The various dynasties that have ruled large regions in India include the Mauryas and the Guptas in the north and the Chalukyas, Cholas, and the Vijaynagar empires in the south. Later, the Mughal rulers from central Asia conquered much of India, followed by the British Empire. From the middle of the 1800s, Indians organized to fight for their independence and they finally succeeded in 1947.

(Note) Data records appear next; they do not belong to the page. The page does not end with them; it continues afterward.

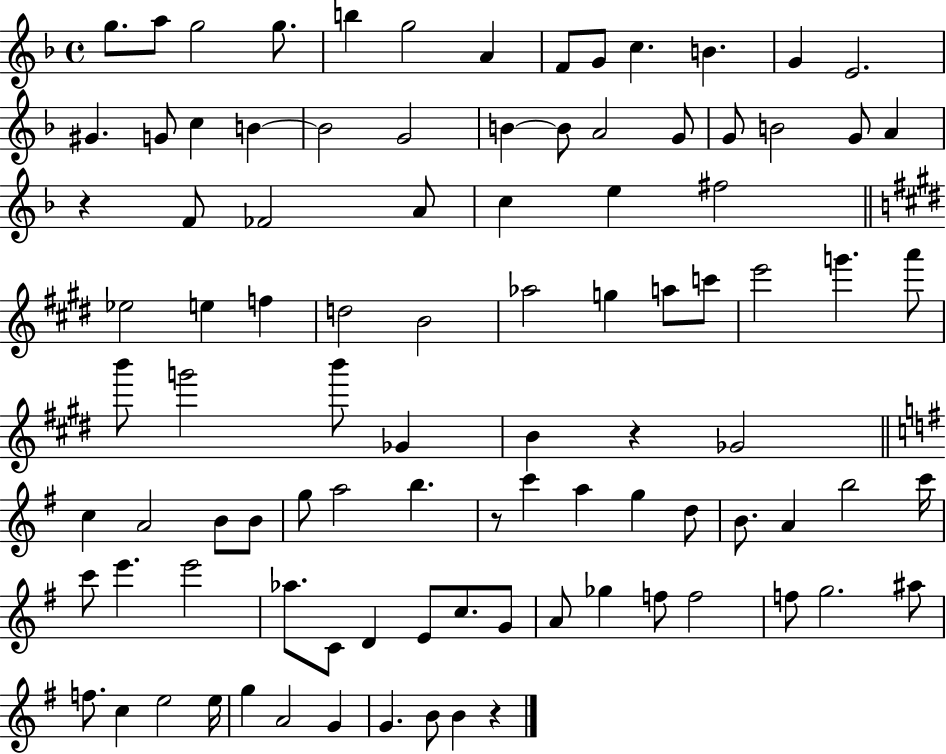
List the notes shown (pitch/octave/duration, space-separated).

G5/e. A5/e G5/h G5/e. B5/q G5/h A4/q F4/e G4/e C5/q. B4/q. G4/q E4/h. G#4/q. G4/e C5/q B4/q B4/h G4/h B4/q B4/e A4/h G4/e G4/e B4/h G4/e A4/q R/q F4/e FES4/h A4/e C5/q E5/q F#5/h Eb5/h E5/q F5/q D5/h B4/h Ab5/h G5/q A5/e C6/e E6/h G6/q. A6/e B6/e G6/h B6/e Gb4/q B4/q R/q Gb4/h C5/q A4/h B4/e B4/e G5/e A5/h B5/q. R/e C6/q A5/q G5/q D5/e B4/e. A4/q B5/h C6/s C6/e E6/q. E6/h Ab5/e. C4/e D4/q E4/e C5/e. G4/e A4/e Gb5/q F5/e F5/h F5/e G5/h. A#5/e F5/e. C5/q E5/h E5/s G5/q A4/h G4/q G4/q. B4/e B4/q R/q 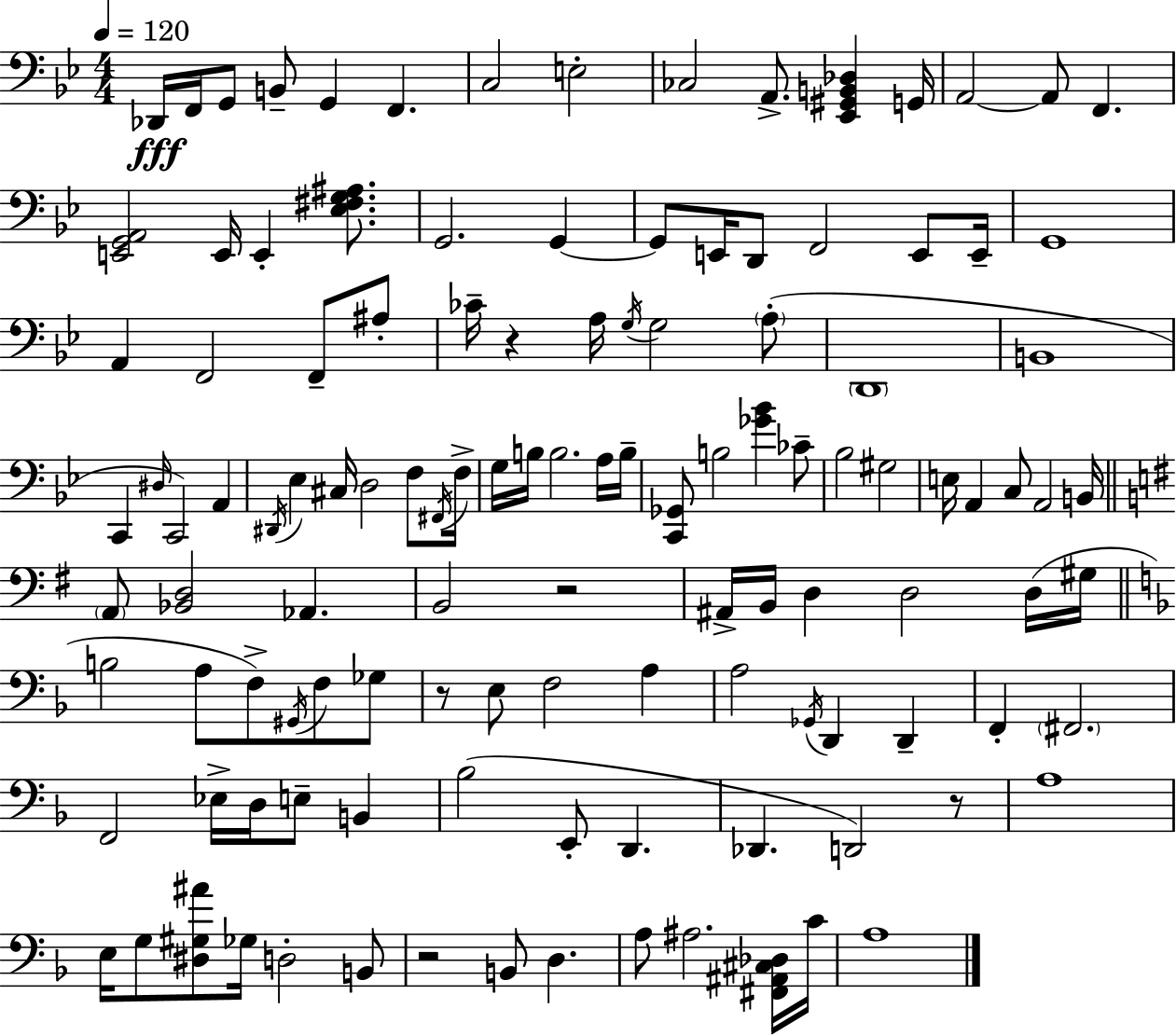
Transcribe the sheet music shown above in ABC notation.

X:1
T:Untitled
M:4/4
L:1/4
K:Gm
_D,,/4 F,,/4 G,,/2 B,,/2 G,, F,, C,2 E,2 _C,2 A,,/2 [_E,,^G,,B,,_D,] G,,/4 A,,2 A,,/2 F,, [E,,G,,A,,]2 E,,/4 E,, [_E,^F,G,^A,]/2 G,,2 G,, G,,/2 E,,/4 D,,/2 F,,2 E,,/2 E,,/4 G,,4 A,, F,,2 F,,/2 ^A,/2 _C/4 z A,/4 G,/4 G,2 A,/2 D,,4 B,,4 C,, ^D,/4 C,,2 A,, ^D,,/4 _E, ^C,/4 D,2 F,/2 ^F,,/4 F,/4 G,/4 B,/4 B,2 A,/4 B,/4 [C,,_G,,]/2 B,2 [_G_B] _C/2 _B,2 ^G,2 E,/4 A,, C,/2 A,,2 B,,/4 A,,/2 [_B,,D,]2 _A,, B,,2 z2 ^A,,/4 B,,/4 D, D,2 D,/4 ^G,/4 B,2 A,/2 F,/2 ^G,,/4 F,/2 _G,/2 z/2 E,/2 F,2 A, A,2 _G,,/4 D,, D,, F,, ^F,,2 F,,2 _E,/4 D,/4 E,/2 B,, _B,2 E,,/2 D,, _D,, D,,2 z/2 A,4 E,/4 G,/2 [^D,^G,^A]/2 _G,/4 D,2 B,,/2 z2 B,,/2 D, A,/2 ^A,2 [^F,,^A,,^C,_D,]/4 C/4 A,4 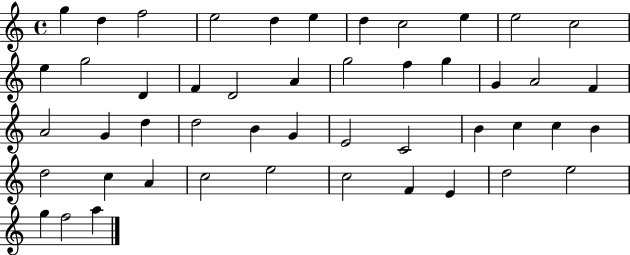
G5/q D5/q F5/h E5/h D5/q E5/q D5/q C5/h E5/q E5/h C5/h E5/q G5/h D4/q F4/q D4/h A4/q G5/h F5/q G5/q G4/q A4/h F4/q A4/h G4/q D5/q D5/h B4/q G4/q E4/h C4/h B4/q C5/q C5/q B4/q D5/h C5/q A4/q C5/h E5/h C5/h F4/q E4/q D5/h E5/h G5/q F5/h A5/q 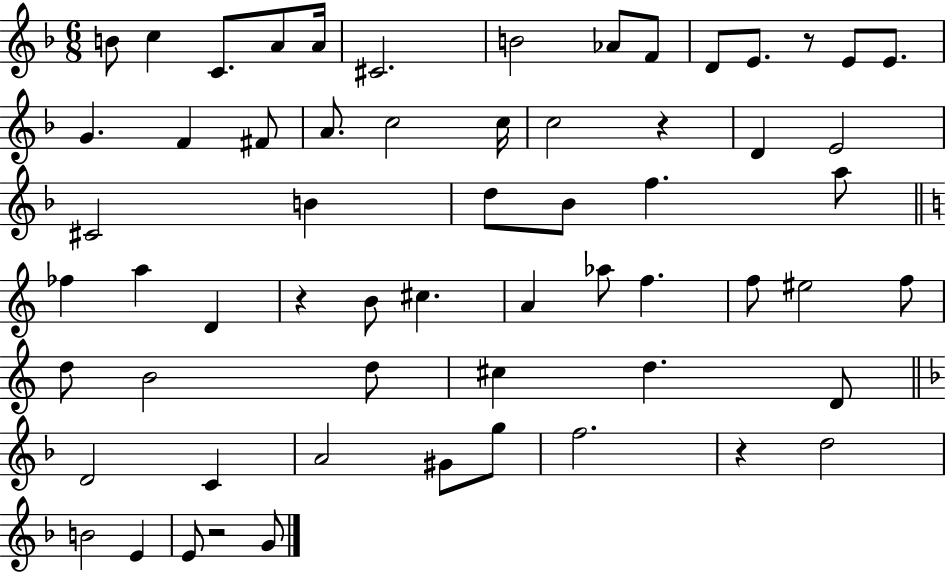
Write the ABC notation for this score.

X:1
T:Untitled
M:6/8
L:1/4
K:F
B/2 c C/2 A/2 A/4 ^C2 B2 _A/2 F/2 D/2 E/2 z/2 E/2 E/2 G F ^F/2 A/2 c2 c/4 c2 z D E2 ^C2 B d/2 _B/2 f a/2 _f a D z B/2 ^c A _a/2 f f/2 ^e2 f/2 d/2 B2 d/2 ^c d D/2 D2 C A2 ^G/2 g/2 f2 z d2 B2 E E/2 z2 G/2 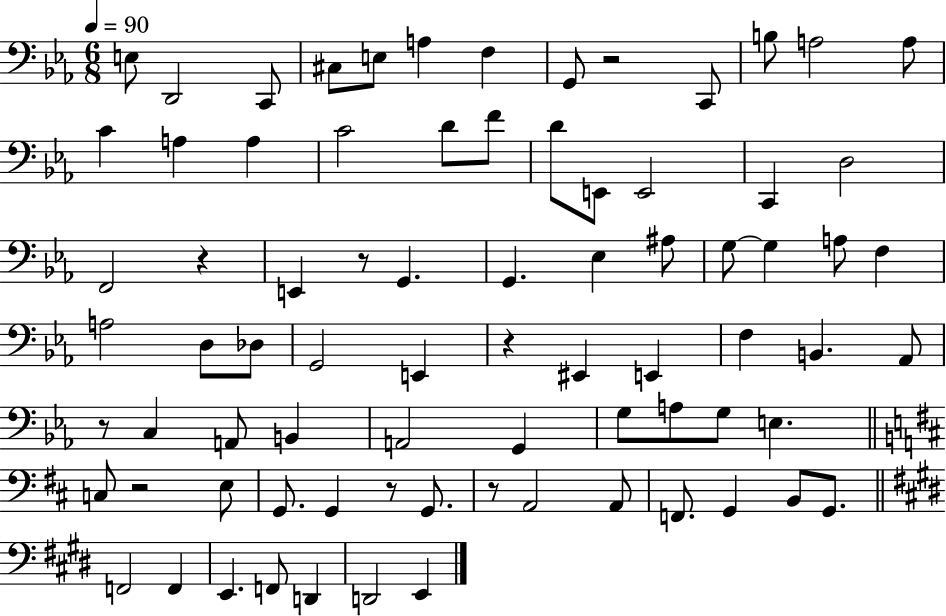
{
  \clef bass
  \numericTimeSignature
  \time 6/8
  \key ees \major
  \tempo 4 = 90
  e8 d,2 c,8 | cis8 e8 a4 f4 | g,8 r2 c,8 | b8 a2 a8 | \break c'4 a4 a4 | c'2 d'8 f'8 | d'8 e,8 e,2 | c,4 d2 | \break f,2 r4 | e,4 r8 g,4. | g,4. ees4 ais8 | g8~~ g4 a8 f4 | \break a2 d8 des8 | g,2 e,4 | r4 eis,4 e,4 | f4 b,4. aes,8 | \break r8 c4 a,8 b,4 | a,2 g,4 | g8 a8 g8 e4. | \bar "||" \break \key d \major c8 r2 e8 | g,8. g,4 r8 g,8. | r8 a,2 a,8 | f,8. g,4 b,8 g,8. | \break \bar "||" \break \key e \major f,2 f,4 | e,4. f,8 d,4 | d,2 e,4 | \bar "|."
} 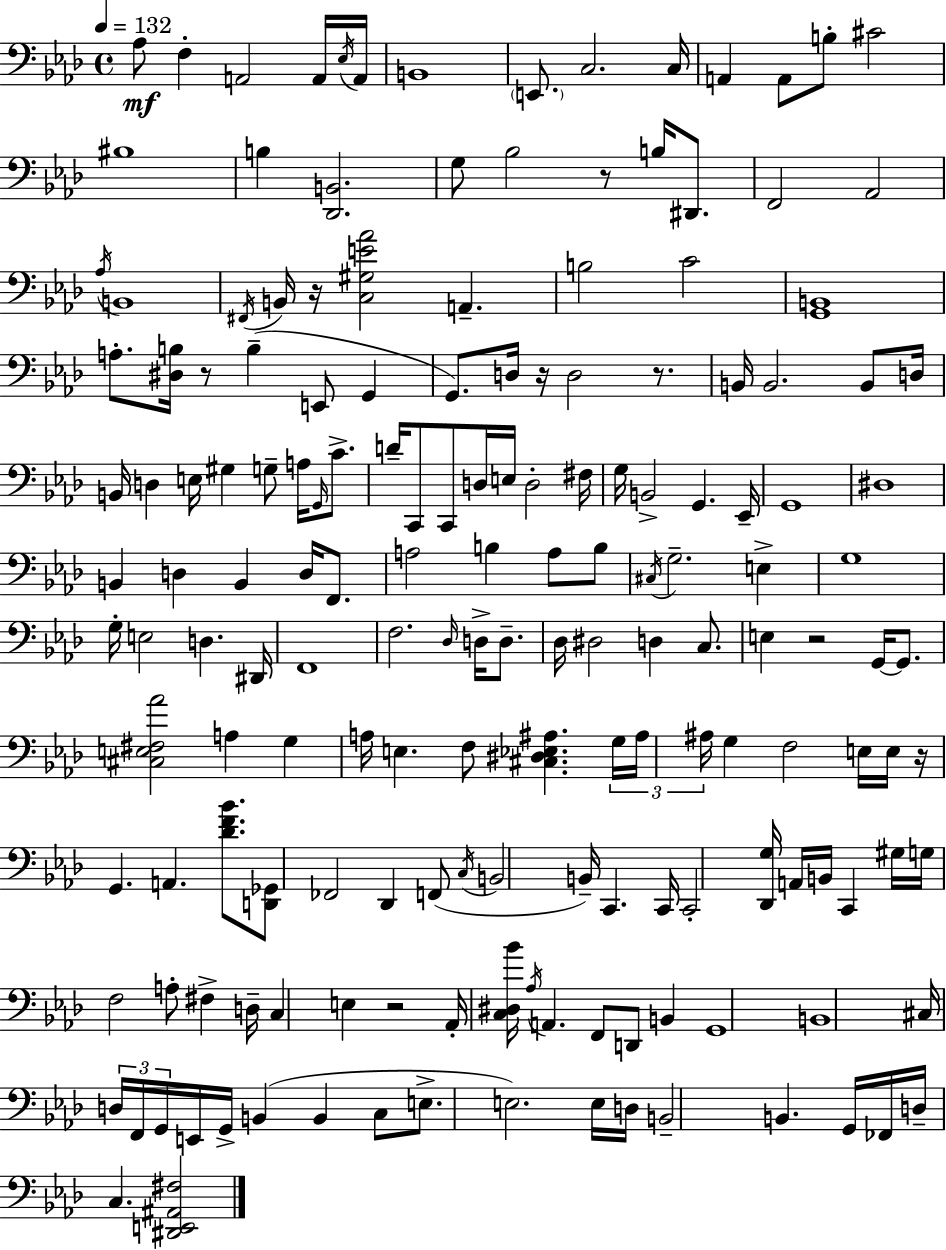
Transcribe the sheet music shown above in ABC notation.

X:1
T:Untitled
M:4/4
L:1/4
K:Ab
_A,/2 F, A,,2 A,,/4 _E,/4 A,,/4 B,,4 E,,/2 C,2 C,/4 A,, A,,/2 B,/2 ^C2 ^B,4 B, [_D,,B,,]2 G,/2 _B,2 z/2 B,/4 ^D,,/2 F,,2 _A,,2 _A,/4 B,,4 ^F,,/4 B,,/4 z/4 [C,^G,E_A]2 A,, B,2 C2 [G,,B,,]4 A,/2 [^D,B,]/4 z/2 B, E,,/2 G,, G,,/2 D,/4 z/4 D,2 z/2 B,,/4 B,,2 B,,/2 D,/4 B,,/4 D, E,/4 ^G, G,/2 A,/4 G,,/4 C/2 D/4 C,,/2 C,,/2 D,/4 E,/4 D,2 ^F,/4 G,/4 B,,2 G,, _E,,/4 G,,4 ^D,4 B,, D, B,, D,/4 F,,/2 A,2 B, A,/2 B,/2 ^C,/4 G,2 E, G,4 G,/4 E,2 D, ^D,,/4 F,,4 F,2 _D,/4 D,/4 D,/2 _D,/4 ^D,2 D, C,/2 E, z2 G,,/4 G,,/2 [^C,E,^F,_A]2 A, G, A,/4 E, F,/2 [^C,^D,_E,^A,] G,/4 ^A,/4 ^A,/4 G, F,2 E,/4 E,/4 z/4 G,, A,, [_DF_B]/2 [D,,_G,,]/2 _F,,2 _D,, F,,/2 C,/4 B,,2 B,,/4 C,, C,,/4 C,,2 [_D,,G,]/4 A,,/4 B,,/4 C,, ^G,/4 G,/4 F,2 A,/2 ^F, D,/4 C, E, z2 _A,,/4 [C,^D,_B]/4 _A,/4 A,, F,,/2 D,,/2 B,, G,,4 B,,4 ^C,/4 D,/4 F,,/4 G,,/4 E,,/4 G,,/4 B,, B,, C,/2 E,/2 E,2 E,/4 D,/4 B,,2 B,, G,,/4 _F,,/4 D,/4 C, [^D,,E,,^A,,^F,]2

Before the British left, they divided the sub-continent into two nations, acceding to some Muslim demands for their own country by creating Pakistan. Since its independence India has burgeoned into the second most populous country and the largest democracy on earth.

Cultural Information

India is an extremely diverse country with a high degree of cultural continuity as well as syncretism. The Indian constitution recognizes 22 Indian languages and there are over 1600 dialects spoken by people in India. Hindi is spoken by a larger proportion of the population than the other languages, while Sanskrit, Tamil, Kannada, and Telugu are all considered classical languages.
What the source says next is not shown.